§ INFORMATION SHOWN:
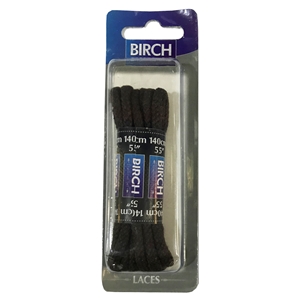Birch Blister Pack Laces 140cm Cord Brown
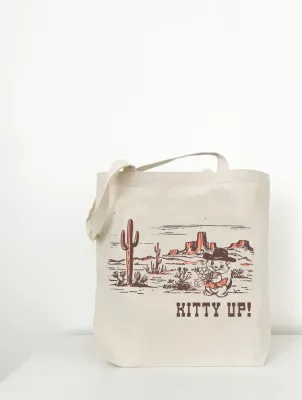Kitty Up Cowgirl Tote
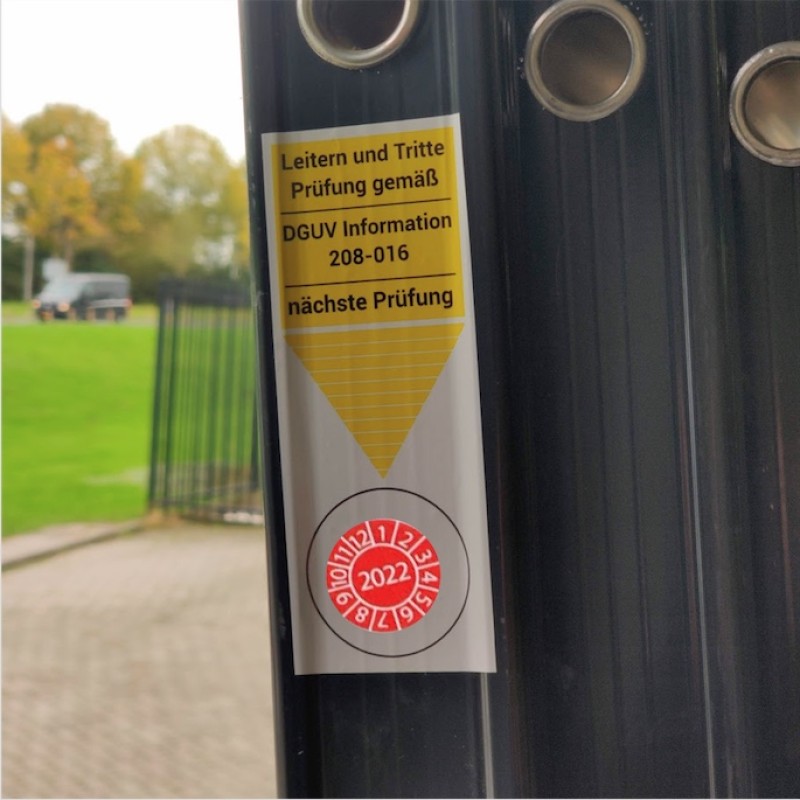 Neues Aufklebermodell; Leiteretiketten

§ WORK REQUEST:
Would you print the material exactly once more, without any of its pictures?

§ RESULT OF THIS TASK:
Birch Blister Pack Laces 140cm Cord Brown
Kitty Up Cowgirl Tote
 Neues Aufklebermodell; Leiteretiketten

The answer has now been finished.